EXERCISE AIM →
Copy exactly and only the lines running from the one that contains "A display of" to the final line of the data below, without the pictures.

(Image-text web data)
◇ ◇ ◇ ◇ ◇ ◇ ◇

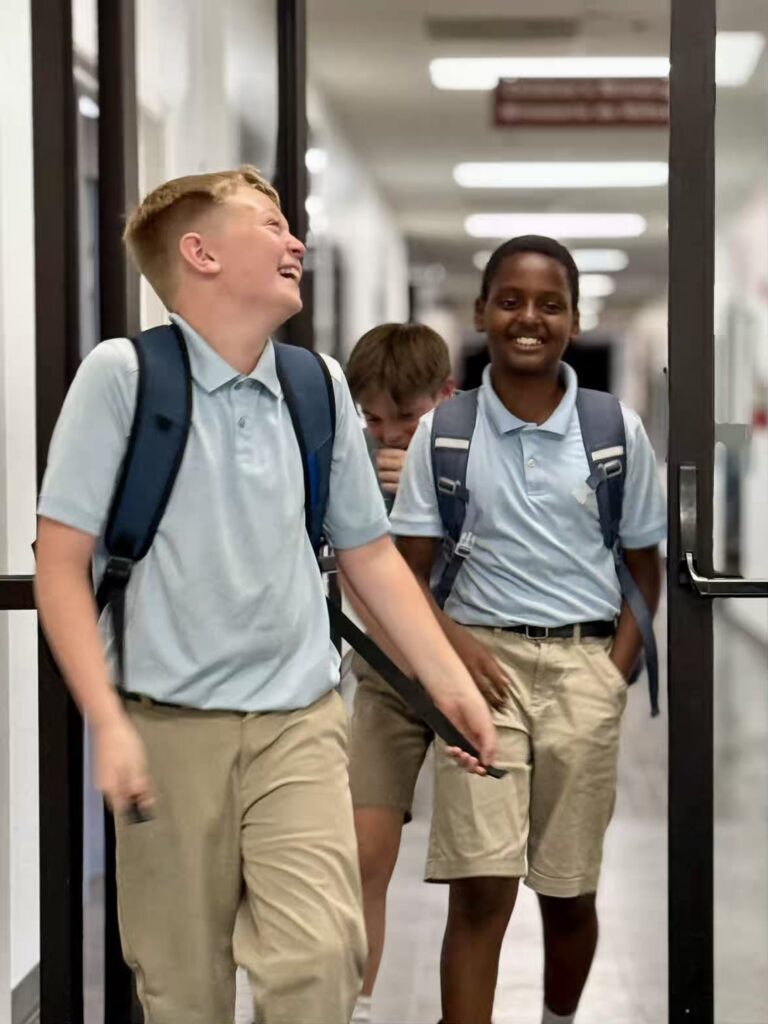 Three smiling school boys in uniform walking down a hallway with backpacks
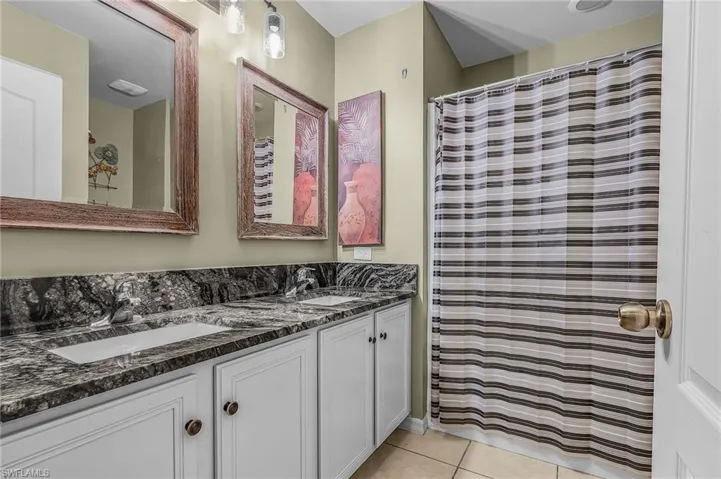 Bathroom with a shower with shower curtain, double vanity, and light tile patterned flooring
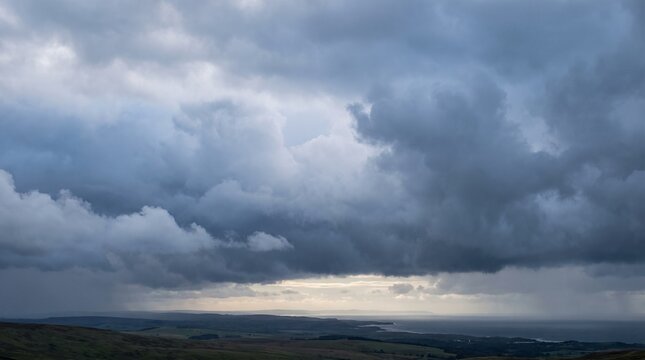Vast storm clouds gathering on horizon over rolling green hills with dramatic sky and distant rain showers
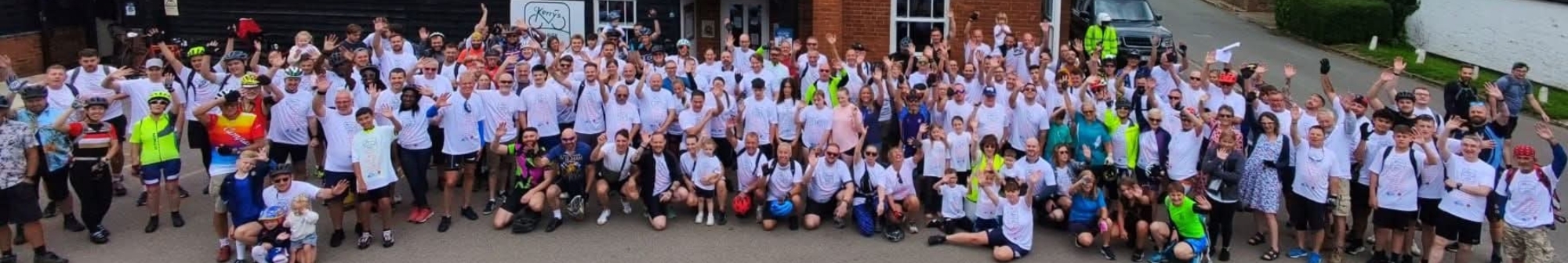 large-group-of-people-in-matching-shirts-waving-outside-a-pub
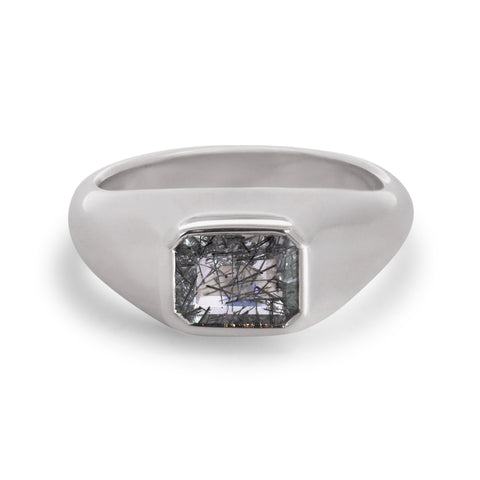 A silver ring featuring an emerald cut black and white black rutile quartz gemstone on a white background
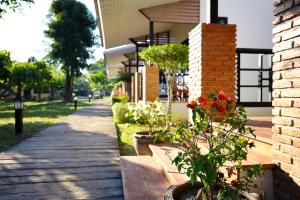 a sidewalk with potted plants on the side of a building at Chiang Mai Garden Bungalows in Chiang Mai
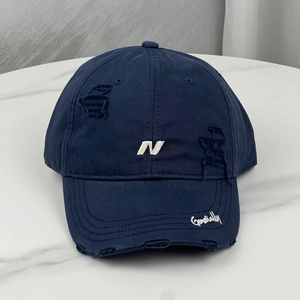 Close-up of distressed navy baseball cap with white N embroidery and ripped details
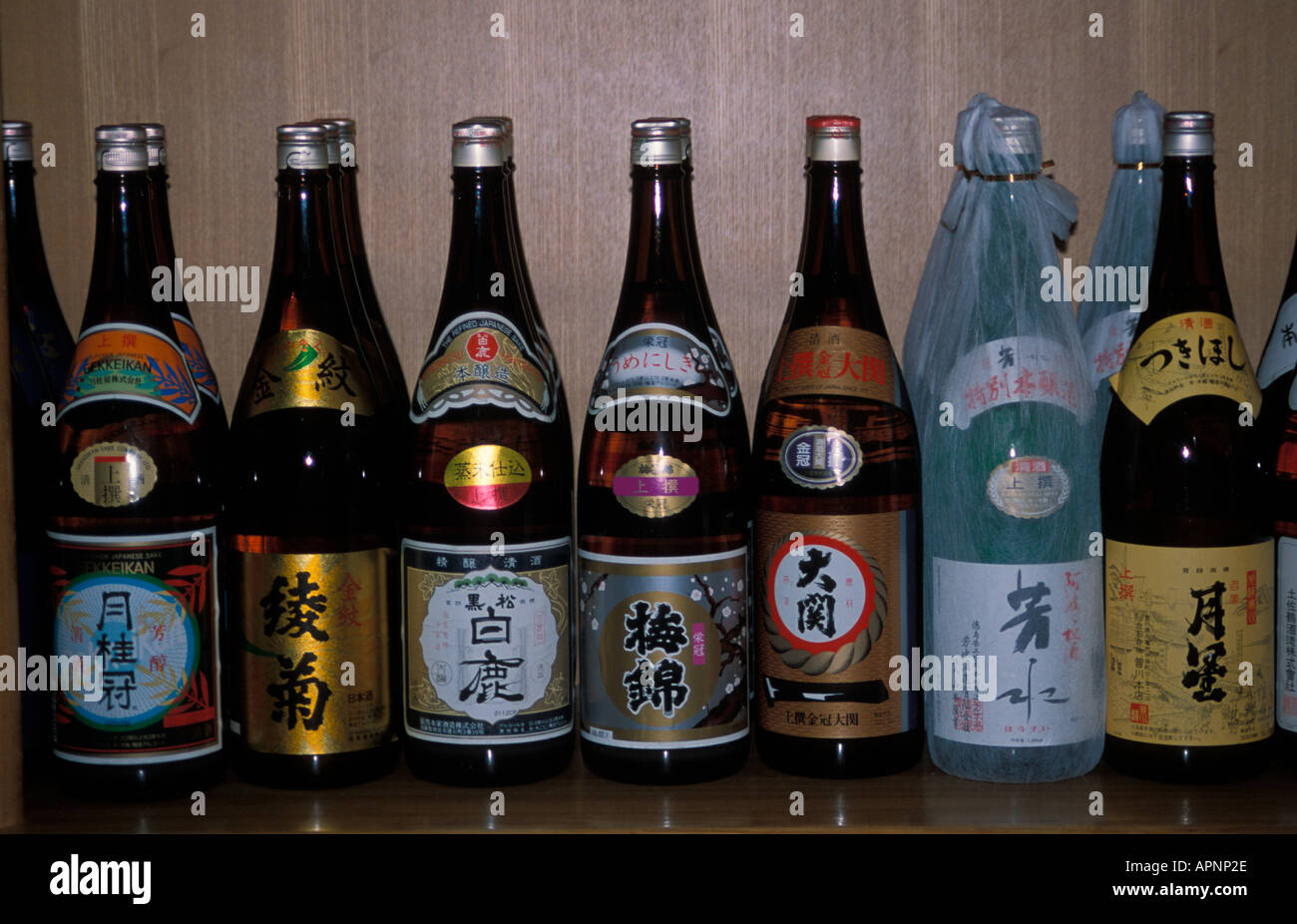 A display of sake bottles, Japan Stock Photo Alamy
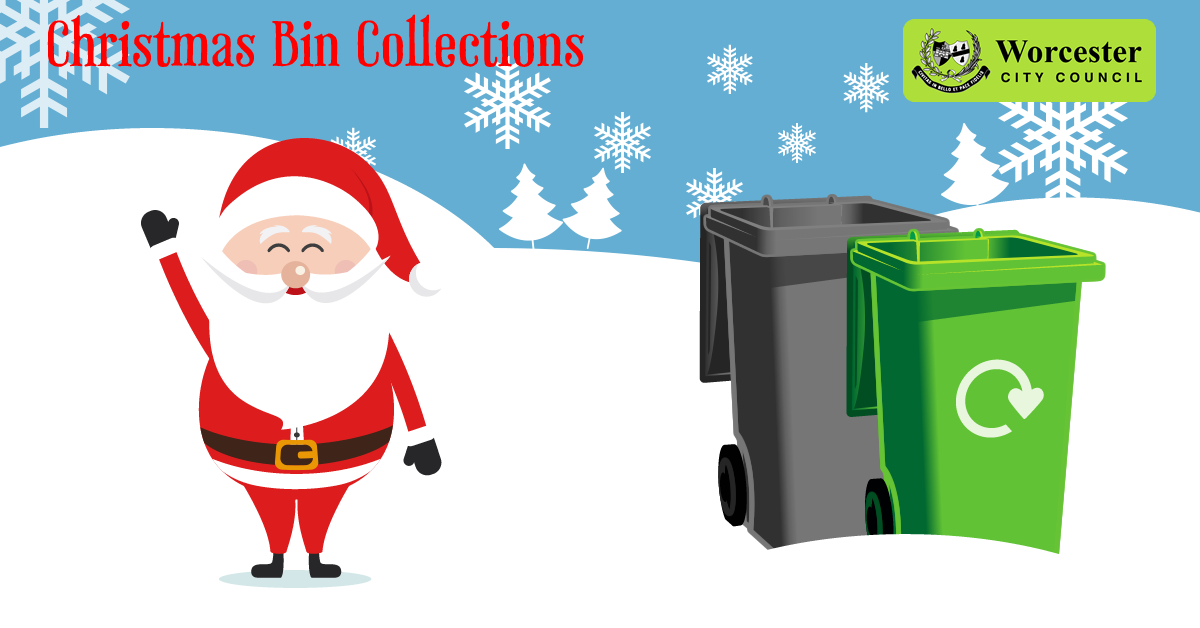 Santa waving in the snow by waste wheelie bins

◇ ◇ ◇ ◇ ◇ ◇ ◇

YOUR RESPONSE →
 A display of sake bottles, Japan Stock Photo Alamy
 Santa waving in the snow by waste wheelie bins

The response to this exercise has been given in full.